What you have to do:
When you reach the line containing "2 Pack Compatible" in the entries below, begin reproducing lines exactly, and stop once the line containing "SANKUU Yoga Straps" is done.

Records shown:
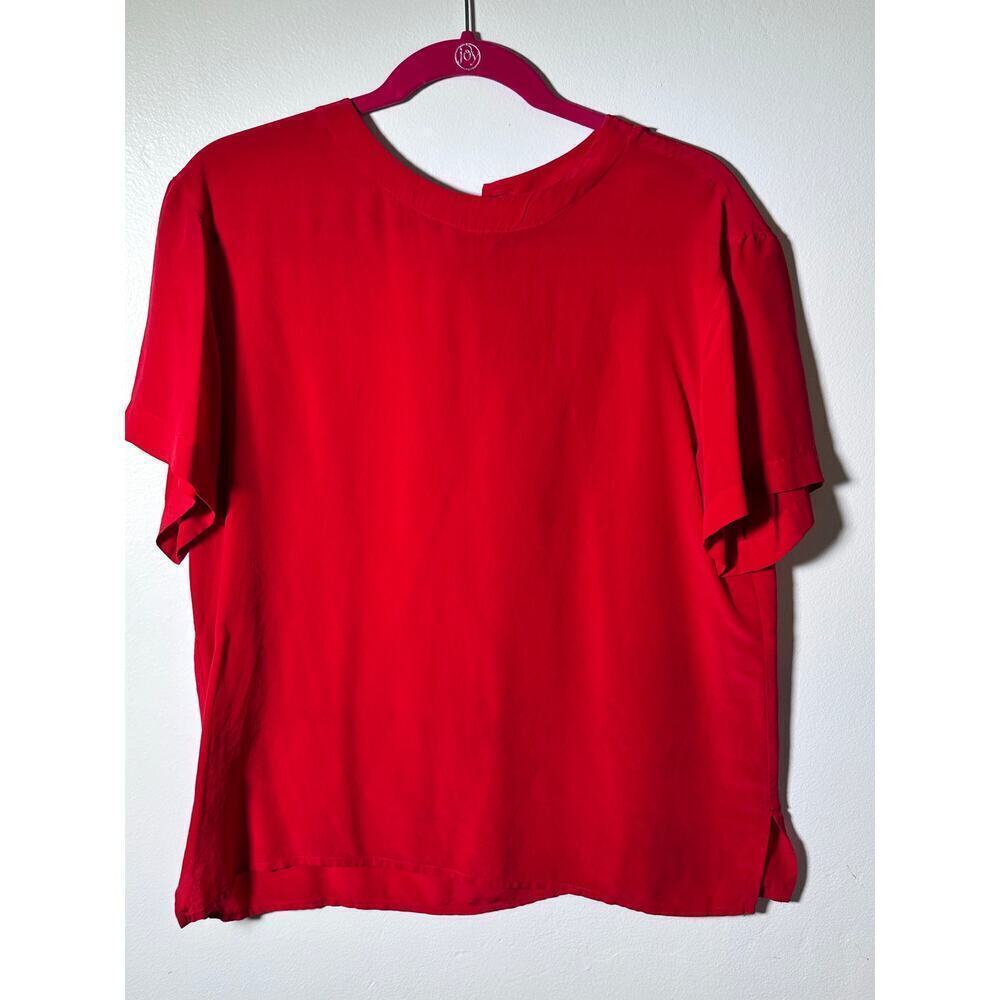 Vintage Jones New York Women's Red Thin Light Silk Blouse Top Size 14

* * *

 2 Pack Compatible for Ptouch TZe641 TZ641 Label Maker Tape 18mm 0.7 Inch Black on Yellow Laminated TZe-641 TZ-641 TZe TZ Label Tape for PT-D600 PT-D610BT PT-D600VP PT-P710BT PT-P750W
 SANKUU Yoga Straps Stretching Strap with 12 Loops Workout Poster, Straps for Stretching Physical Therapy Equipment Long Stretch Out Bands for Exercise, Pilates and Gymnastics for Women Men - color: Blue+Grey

Exercise answer:
 2 Pack Compatible for Ptouch TZe641 TZ641 Label Maker Tape 18mm 0.7 Inch Black on Yellow Laminated TZe-641 TZ-641 TZe TZ Label Tape for PT-D600 PT-D610BT PT-D600VP PT-P710BT PT-P750W
 SANKUU Yoga Straps Stretching Strap with 12 Loops Workout Poster, Straps for Stretching Physical Therapy Equipment Long Stretch Out Bands for Exercise, Pilates and Gymnastics for Women Men - color: Blue+Grey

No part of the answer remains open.